The method used demonstrated acceptable performance for the prochloraz residue analysis in ten herbal medicines. Under the chromatographic conditions described, good linear and correlation coefficient was achieved for the compound studied. Replicates (n=3) of six standard pesticide solutions of different concentrations were found to be linear in the range from 0.005 to 2.0 mg/L for the chromatographic techniques (Figure 2). The regression equation for the calibration curve was y=3816.1x-7.7835. The correlation coefficients obtained for the prochloraz was 0.9997. The limit of quantification (LOQ) for prochloraz under study was 0.005 mg/kg. Validation of the method for this fungicide was performed by fortified recovery study with prochloraz at 0.005, 0.01 and 0.05 mg/kg levels.
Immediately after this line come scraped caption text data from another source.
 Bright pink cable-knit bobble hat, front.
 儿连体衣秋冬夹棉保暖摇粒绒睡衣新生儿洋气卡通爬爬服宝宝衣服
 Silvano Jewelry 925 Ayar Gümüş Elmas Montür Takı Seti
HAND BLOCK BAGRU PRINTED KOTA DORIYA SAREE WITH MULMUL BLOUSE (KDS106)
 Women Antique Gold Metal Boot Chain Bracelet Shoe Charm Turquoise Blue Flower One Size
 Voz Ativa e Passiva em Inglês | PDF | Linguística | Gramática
For analyses by this method, average recovery ranges of prochloraz from ten herbal medicines were 76.6-105.1%. Relative standard deviations (RSD) were 0.9-7.9%. The detail results are shown in Table 1. Some typical chromatograms of 2,4,6-trichloro-phenol standard, fortified 0.5 mg/ kg prochloraz with no herbal medicines and solvent check unfortified prochloraz are shown in Figures 3-5. Typical chromatograms of herbal medicine samples untreated and fortified 0.5 mg/kg of prochloraz are shown in Figures 6 and 7.
|Sample name||Fortified concen.（mg/kg)||Recovery(%)||Average recovery(%)||RSD(n=3)/%|
|Ginseng Rodix ET Rhizoma||0.005||102.5||97.1||103.8||101.1||3.5|
|Rhizoma Atractylodis Macrocephalae||0.005||91.2||93.4||95.1||93.2||2.1|
|Acanthopanacis Senticosi Radix||0.005||81.2||83.1||85.5||83.3||2.6|
|Lonicerae Japonicae Flos||0.005||86.2||88.0||84.7||86.3||1.9|
Table 1: Recoveries of prochloraz in ten medicinal herb samples.
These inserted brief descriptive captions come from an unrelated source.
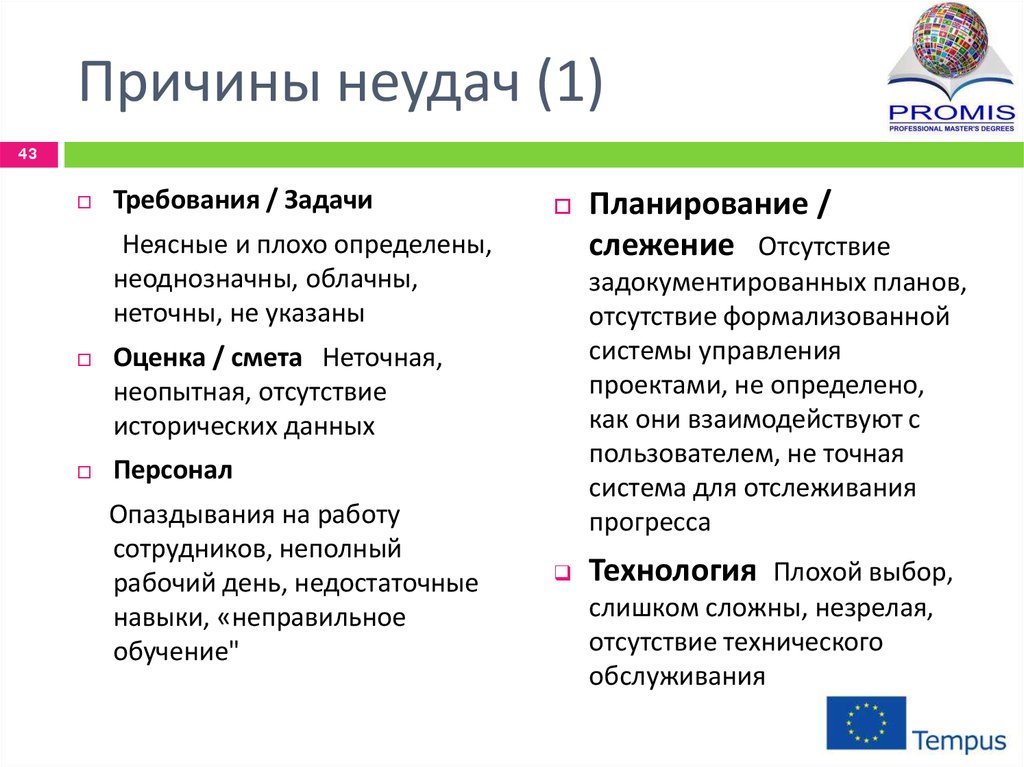 Какой из приведенных факторов в большинстве случаев вызывает неудачи в реализации проектов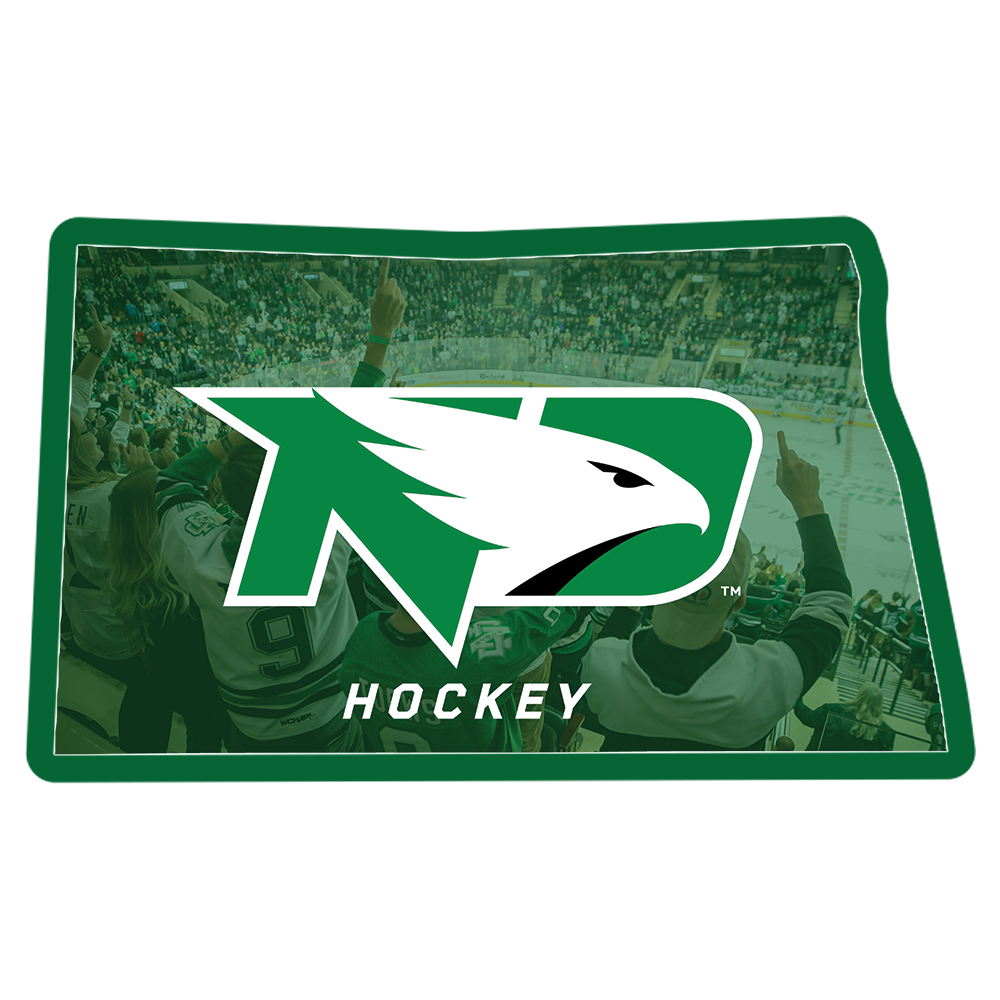 North Dakota Fighting Hawks -  North Dakota Hockey Map Single Layer Dimensional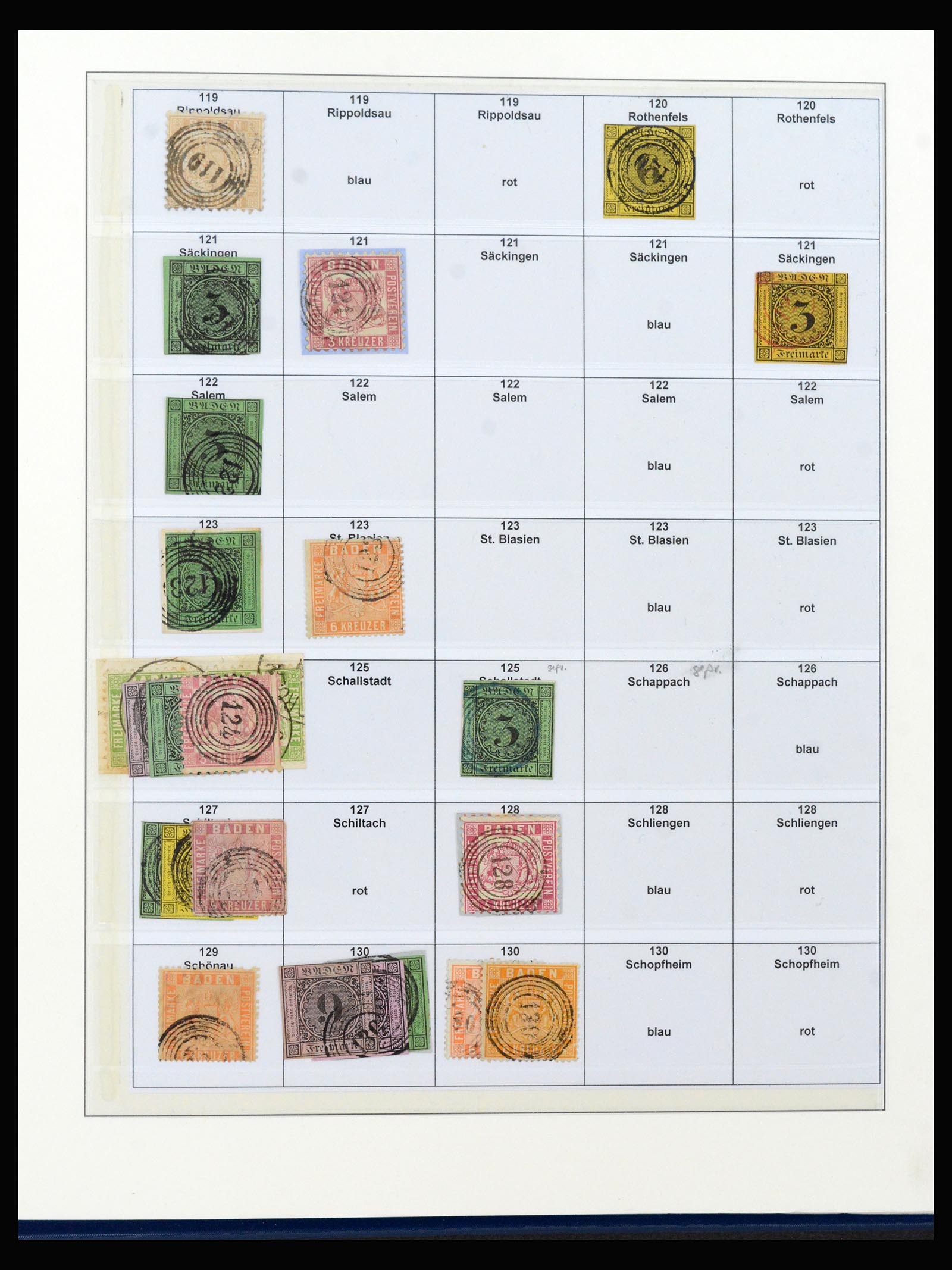 40237 0011 - Stamp collection 40237 Baden cancels 1850-1868.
In hydrolysis, the rate that prochloraz hydrolyzes to 2,4,6-trichlorophenol would influence reliability and veracity of the method. On the basis of stechiometry, the prochloraz is hydrolysed with pyridine hydrochloride to break down all components to 2,4,6-trichlorophenol. This hydrolysate is then cleaned-up by extraction into the aqueous layer with alkali and re-extraction into petroleum ether after acidification. Total 2,4,6-trichlorophenol residues are determined by gas chromatography with electron capture detector, and the results are expressed as prochloraz equivalents by correcting the measured 2,4,6-trichlorophenol concentration for the molecular weight factor of 1.9. The tested result of prochloraz standard showed the conversion rate was above 98% under the test condition.
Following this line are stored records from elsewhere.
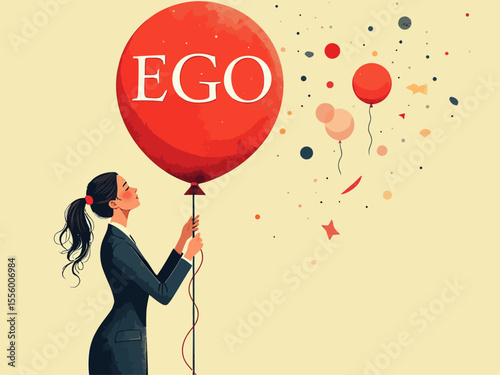 Egocentric symbol of the cult of personality, woman piercing a balloon with the word ego on it, too much proud of yourself or overconfident
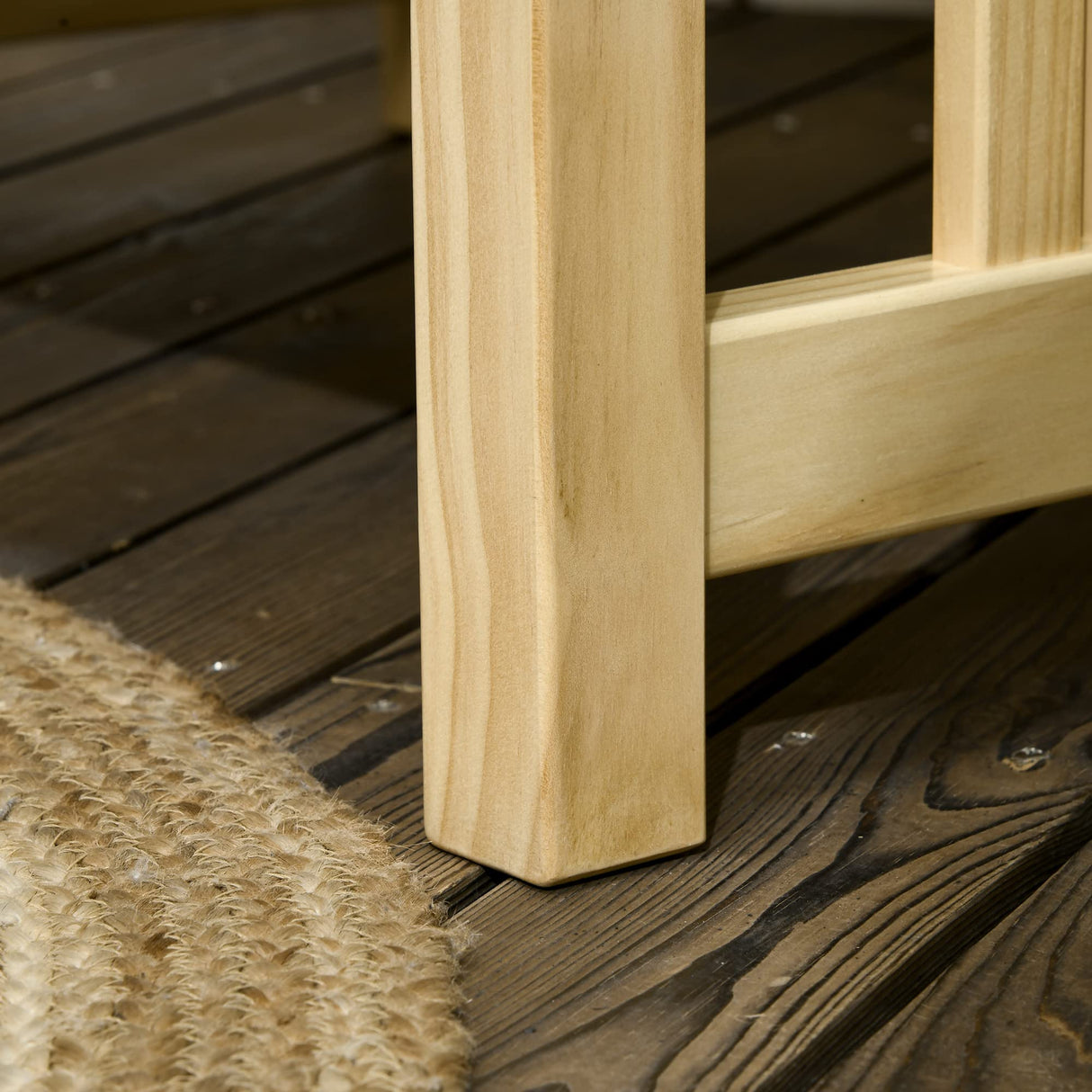 Outsunny 2-Piece Patio Furniture Set with 1 Armrest Single Chair and an Ottoman, Outdoor Wooden Chair with 4" Thick Padded Cushions for Backyard, Porch, and Poolside, Beige Outsunny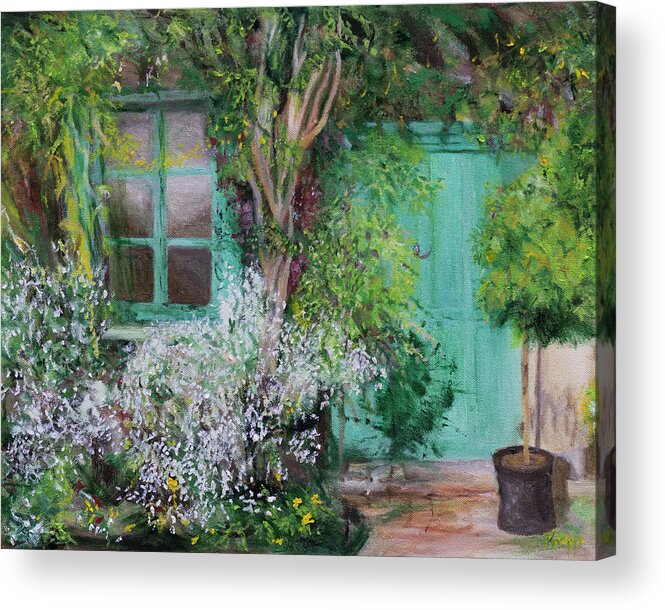 Door And Window By The Garden In Monet's House In Giverney Acrylic Print featuring the painting Front Door by Kathy Knopp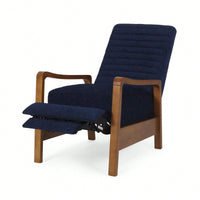 Elegant Fabric Manual Recliner With Wooden Accents For Ultimate Comfort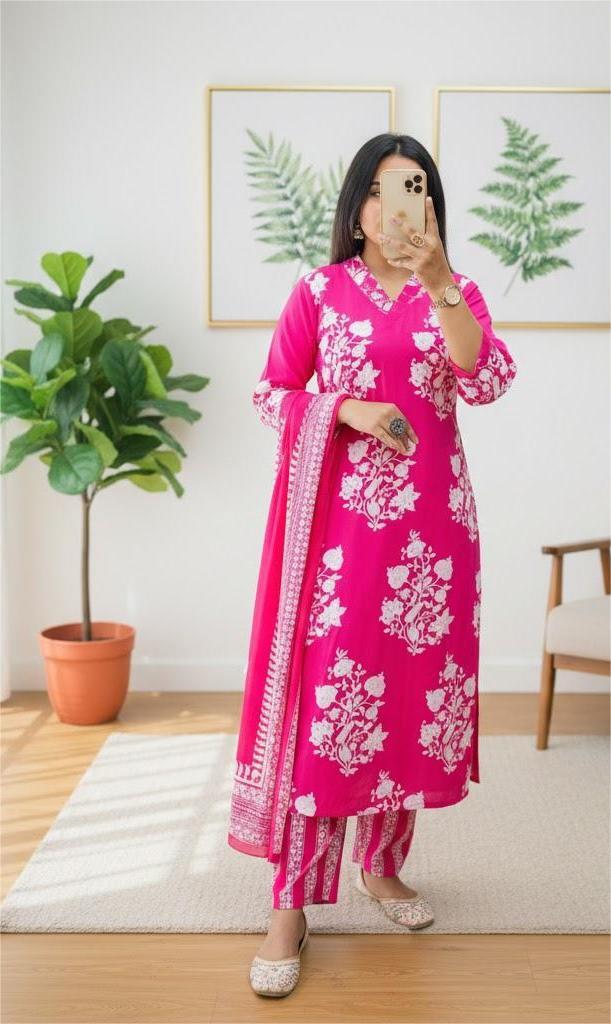 Pink cotton kurta set with dupatta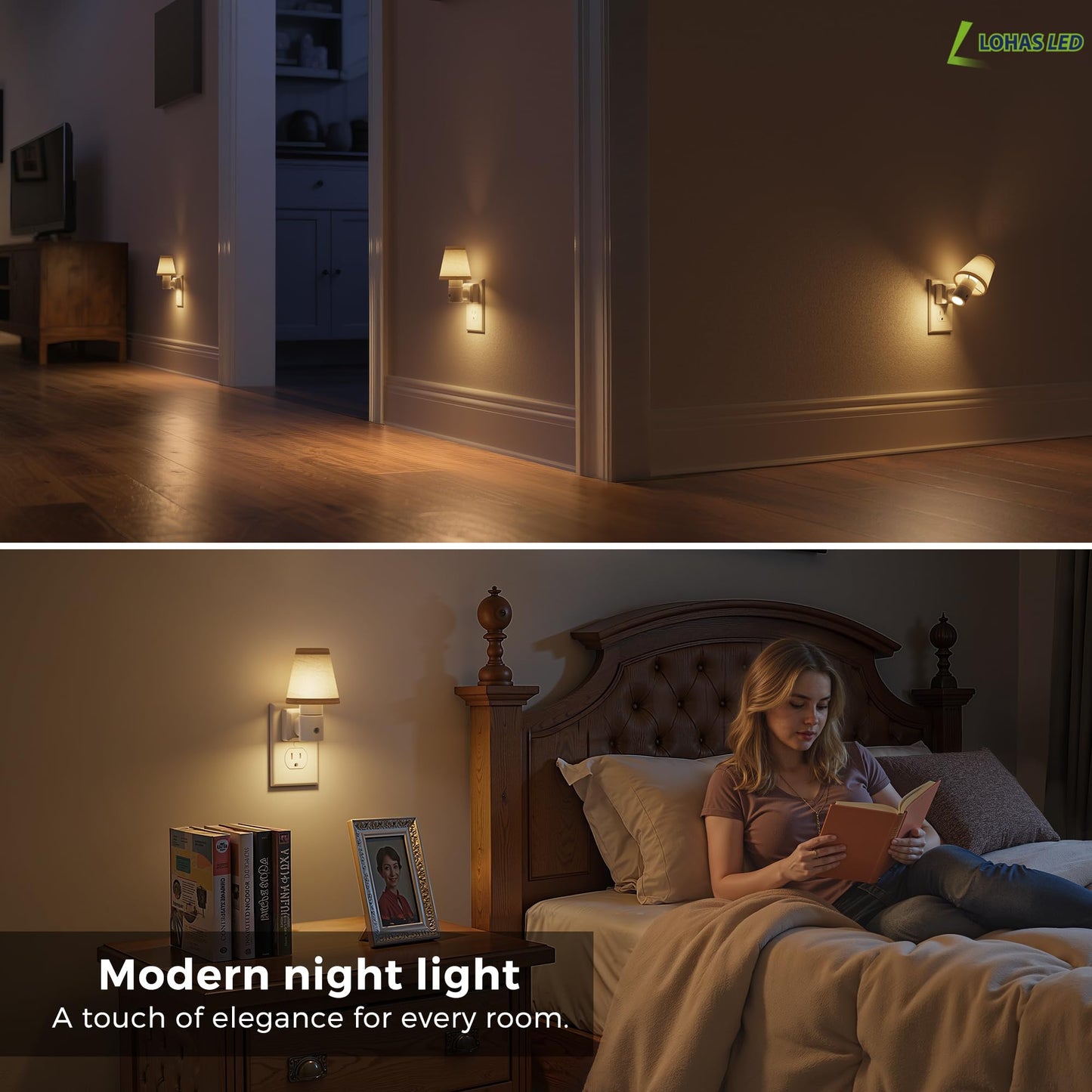 L LOHAS LED Rotating Night Lights Plug into Wall, [3 Pack] Soft Warm Nightlight with Light Sensor for Bathroom Kitchen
FAO and WHO reported MRLs of prochloraz in cereal grains and rape seed were 0.05 mg/kg (France), in mushroom were 0.05 mg/kg (The Netherlands), in other products were 0.01 mg/kg (The Netherlands) . By now, no any MRL of prochloraz was established in herbal medicines. In view of many countries usually set 0.01 mg/ kg as a criteria for no MRL products, such as "Positive list system of Japan", the method is available for herbal medicines. Paoli et al (1997) reported a GC-ECD method for determining 2,3,4-trichlorophenol as prochloraz in vegetable, fruit and wheat, and the LOQ were 0.01-0.5 mg/kg. Blasco et al (2001) developed a LC-MS and LC-UV method for determining prochloraz in fruits and vegetables. The LOQ was 0.1 mg/kg (LC-MS) and 0.5 mg/kg (LC-UV). Polese et al (2006) described results of prochloraz, which determined as 2,3,4-trichlorophenol, and its metabolite residue in ginger. The LOQ of GC-ECD method was 0.1 and 0.2 mg/kg, respectively. The method of this paper is more sensitive compared with published papers in terms of the LOQ. The method described here has been successfully used to determine prochloraz in ten Chinese herbal medicines. The GC-ECD method should be readily applicable to other Chinese herbal medicines.
We express our gratitude to Jilin Hongjiu Biotechnology Ltd., Jilin Good Agricultural Practice plantation of Ginseng and Mr. Jiewei Zou for providing Chinese herbal medicine samples.